Search code examples
javascriptmapreduceriak

How to tokenize once, reusing token in riak key filter


Using bitcask with riak I have well defined key names that I'm filtering in map-reduce queries using key filters. This is meant to be an experiment in using key filters with bitcask to achieve 2i functionality (and then to compare my application's performance using secondary indexes vs. using key filters).

Riak key filter documentation

Given a bucket containing keys whose names are formatted like version_type_user_timestamp I end up with keys that look like the following.
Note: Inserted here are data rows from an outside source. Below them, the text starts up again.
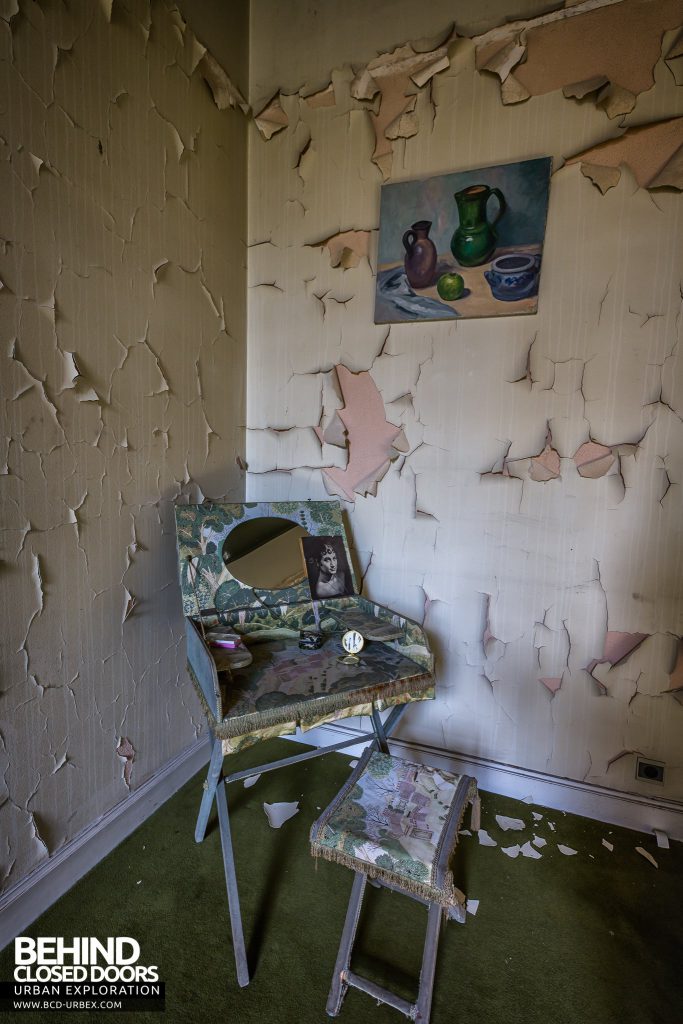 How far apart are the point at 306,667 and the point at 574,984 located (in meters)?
0.97

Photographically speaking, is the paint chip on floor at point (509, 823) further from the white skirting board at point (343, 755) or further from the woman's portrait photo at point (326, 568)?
the woman's portrait photo at point (326, 568)

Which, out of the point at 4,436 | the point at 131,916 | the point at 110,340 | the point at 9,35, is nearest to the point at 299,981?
the point at 131,916

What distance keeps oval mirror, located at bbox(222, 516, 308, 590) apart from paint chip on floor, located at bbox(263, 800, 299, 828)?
759 millimetres

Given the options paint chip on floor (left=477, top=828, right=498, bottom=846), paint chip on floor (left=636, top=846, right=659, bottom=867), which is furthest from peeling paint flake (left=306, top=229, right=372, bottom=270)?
paint chip on floor (left=636, top=846, right=659, bottom=867)

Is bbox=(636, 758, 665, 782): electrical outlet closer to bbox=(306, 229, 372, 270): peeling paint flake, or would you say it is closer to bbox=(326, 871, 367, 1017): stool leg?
bbox=(326, 871, 367, 1017): stool leg

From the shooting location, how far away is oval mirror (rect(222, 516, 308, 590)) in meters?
1.61

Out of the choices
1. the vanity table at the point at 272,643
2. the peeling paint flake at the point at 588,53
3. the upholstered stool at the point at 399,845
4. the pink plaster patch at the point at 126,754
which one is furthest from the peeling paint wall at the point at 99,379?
the peeling paint flake at the point at 588,53

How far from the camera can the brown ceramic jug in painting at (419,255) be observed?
1684 millimetres

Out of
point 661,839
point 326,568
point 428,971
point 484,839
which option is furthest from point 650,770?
point 326,568

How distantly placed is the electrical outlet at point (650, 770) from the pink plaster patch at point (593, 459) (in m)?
0.97

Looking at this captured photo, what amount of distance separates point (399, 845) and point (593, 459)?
4.11 feet

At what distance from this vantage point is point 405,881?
100 cm

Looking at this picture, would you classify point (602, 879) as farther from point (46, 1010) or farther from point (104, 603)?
point (104, 603)

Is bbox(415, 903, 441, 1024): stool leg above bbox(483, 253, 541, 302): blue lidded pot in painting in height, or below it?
below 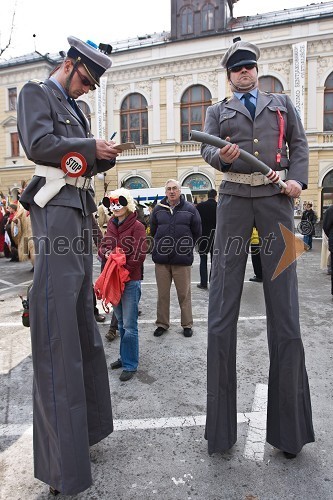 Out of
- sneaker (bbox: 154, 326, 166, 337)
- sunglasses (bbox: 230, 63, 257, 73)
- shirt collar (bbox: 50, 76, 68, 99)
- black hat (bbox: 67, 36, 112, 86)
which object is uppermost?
sunglasses (bbox: 230, 63, 257, 73)

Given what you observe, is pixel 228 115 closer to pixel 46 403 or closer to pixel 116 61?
pixel 46 403

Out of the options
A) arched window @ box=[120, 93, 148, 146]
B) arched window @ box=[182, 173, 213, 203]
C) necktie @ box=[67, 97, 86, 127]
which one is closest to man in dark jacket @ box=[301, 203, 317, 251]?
arched window @ box=[182, 173, 213, 203]

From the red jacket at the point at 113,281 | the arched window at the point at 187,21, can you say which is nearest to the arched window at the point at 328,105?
the arched window at the point at 187,21

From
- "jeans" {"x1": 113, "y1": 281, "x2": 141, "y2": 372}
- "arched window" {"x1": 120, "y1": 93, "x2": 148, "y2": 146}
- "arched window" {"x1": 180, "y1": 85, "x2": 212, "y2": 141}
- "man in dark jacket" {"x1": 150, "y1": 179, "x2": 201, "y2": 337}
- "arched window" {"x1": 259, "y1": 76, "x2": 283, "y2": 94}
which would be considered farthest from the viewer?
"arched window" {"x1": 120, "y1": 93, "x2": 148, "y2": 146}

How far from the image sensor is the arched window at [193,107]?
25.6 metres

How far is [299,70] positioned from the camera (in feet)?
75.2

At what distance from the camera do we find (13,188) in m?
29.3

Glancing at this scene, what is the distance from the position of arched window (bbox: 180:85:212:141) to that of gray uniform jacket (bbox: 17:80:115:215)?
24.7 m

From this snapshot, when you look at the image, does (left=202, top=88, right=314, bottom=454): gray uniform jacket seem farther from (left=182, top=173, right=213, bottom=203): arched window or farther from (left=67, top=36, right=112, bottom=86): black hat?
(left=182, top=173, right=213, bottom=203): arched window

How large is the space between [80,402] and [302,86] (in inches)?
983

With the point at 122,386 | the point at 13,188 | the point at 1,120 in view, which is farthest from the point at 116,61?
the point at 122,386

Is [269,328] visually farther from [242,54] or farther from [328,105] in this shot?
[328,105]

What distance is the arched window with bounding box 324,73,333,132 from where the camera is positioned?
2358 centimetres

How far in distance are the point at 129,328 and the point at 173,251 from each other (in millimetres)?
1547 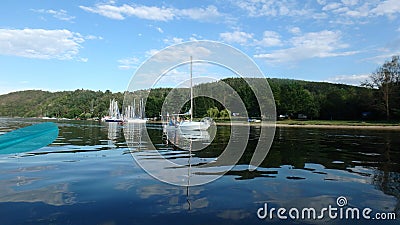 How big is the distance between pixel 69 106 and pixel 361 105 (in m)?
159

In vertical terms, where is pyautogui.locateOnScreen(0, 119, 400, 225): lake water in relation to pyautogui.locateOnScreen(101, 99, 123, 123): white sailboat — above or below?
below

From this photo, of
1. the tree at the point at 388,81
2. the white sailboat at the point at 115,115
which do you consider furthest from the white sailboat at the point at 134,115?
the tree at the point at 388,81

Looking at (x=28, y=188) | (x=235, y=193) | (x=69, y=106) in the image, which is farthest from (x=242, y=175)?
(x=69, y=106)

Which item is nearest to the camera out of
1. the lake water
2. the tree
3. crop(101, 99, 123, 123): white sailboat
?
the lake water

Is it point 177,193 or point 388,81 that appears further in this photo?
point 388,81

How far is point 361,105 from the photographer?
86125mm

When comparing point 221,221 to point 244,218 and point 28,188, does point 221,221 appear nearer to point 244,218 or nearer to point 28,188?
point 244,218

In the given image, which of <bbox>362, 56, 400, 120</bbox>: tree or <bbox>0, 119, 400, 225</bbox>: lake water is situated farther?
<bbox>362, 56, 400, 120</bbox>: tree

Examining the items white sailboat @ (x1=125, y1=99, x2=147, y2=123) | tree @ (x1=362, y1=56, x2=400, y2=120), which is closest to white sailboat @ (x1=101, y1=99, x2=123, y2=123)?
white sailboat @ (x1=125, y1=99, x2=147, y2=123)

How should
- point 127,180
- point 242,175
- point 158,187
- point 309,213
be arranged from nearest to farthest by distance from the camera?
point 309,213 → point 158,187 → point 127,180 → point 242,175

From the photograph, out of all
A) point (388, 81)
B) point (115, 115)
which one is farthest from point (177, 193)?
point (115, 115)

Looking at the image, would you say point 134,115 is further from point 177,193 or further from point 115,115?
point 177,193

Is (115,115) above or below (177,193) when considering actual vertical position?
above

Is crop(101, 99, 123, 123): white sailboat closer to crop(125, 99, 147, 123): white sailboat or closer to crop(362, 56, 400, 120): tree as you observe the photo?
crop(125, 99, 147, 123): white sailboat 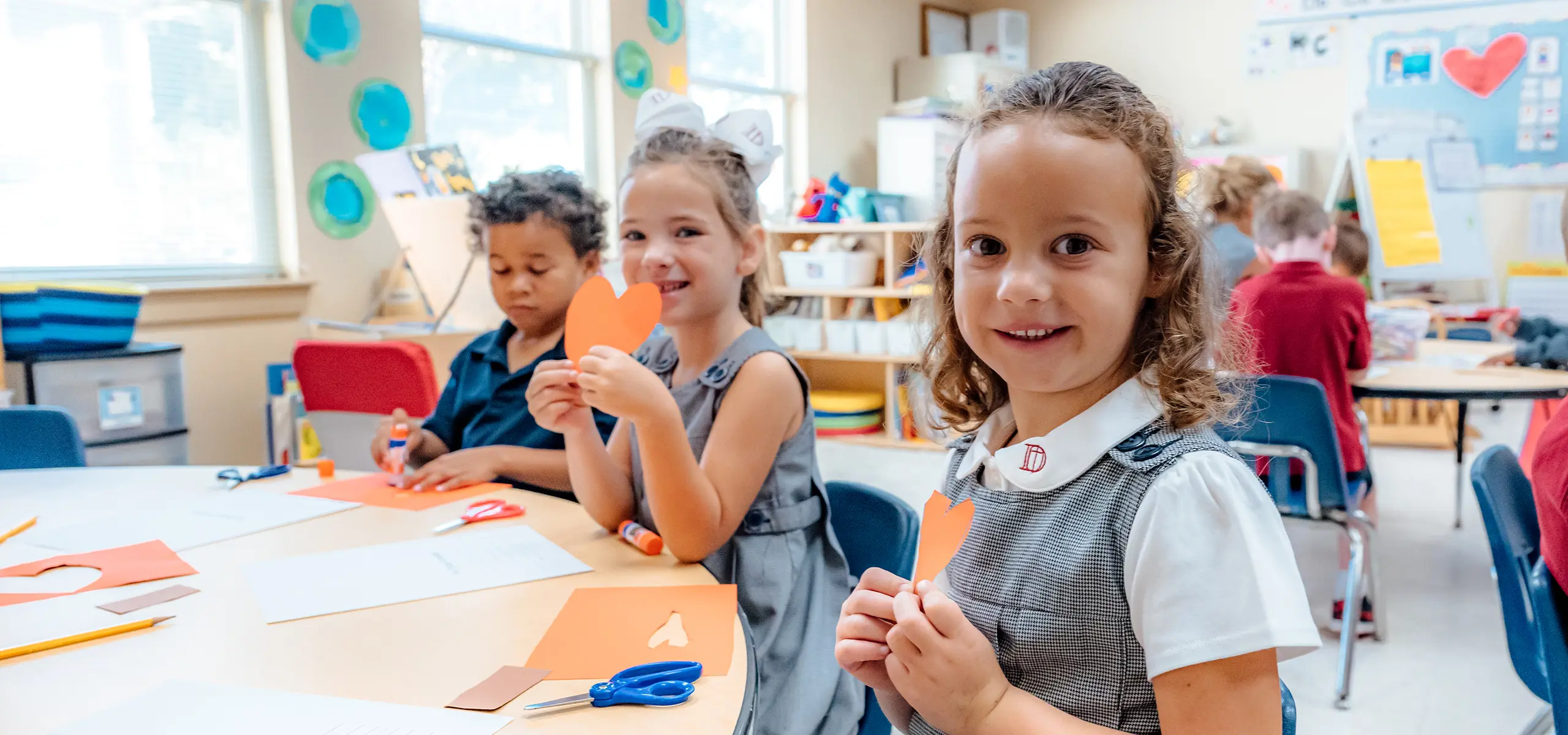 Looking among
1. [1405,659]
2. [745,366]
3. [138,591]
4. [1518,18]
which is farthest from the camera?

GET /riak/my_example_bucket?keys=stream HTTP/1.1
Host: localhost
Accept: application/json

{
    "keys": [
        "v0.3_demo.type.1_user12345_1375315200000",
        "v0.3_demo.type.1_user10000_1375315200973",
        "v0.3_demo.type.4_user00288_1375315101004",
        ...
    ]
}
{
    "keys": [
        "v0.3_demo.type.2_user12777_1375315211000",
        "v0.3_demo.type.1_user12777_1375315211782",
        "v0.3_demo.type.2_user50121_1375315101004",
        ...
    ]
}
...

I'm constructing key filters that look like the following. The idea is to do fewer value lookups by filtering results by key before hand.

{
    "bucket": "my_example_bucket",
    "key_filters": [
        [
            "or",
            [
                [
                    "tokenize",
                    "_",
                    2
                ],
                [
                    "eq",
                    "demo.type.1"
                ]
            ],
            [
                [
                    "or",
                    [
                        [
                            "tokenize",
                            "_",
                            2
                        ],
                        [
                            "eq",
                            "demo.type.2"
                        ]
                    ],
                    [
                        [
                            "or",
                            [
                                "tokenize",
                                "_",
                                2
                            ],
                            [
                                "eq",
                                "demo.type.3"
                            ]
                        ]
                    ]
                ]
            ]
        ]
    ]
}

This technique works, but notice how it tokenizes the key on every ["or", [...], [...]] clause. My hypothesis is that if I can tokenize once and feed the result into a pipeline of or clauses all testing for accepted variations of the token then the key filter piece of the map-reduce query will do less work (and therefore the filtering part of the map-reduce query will take less time).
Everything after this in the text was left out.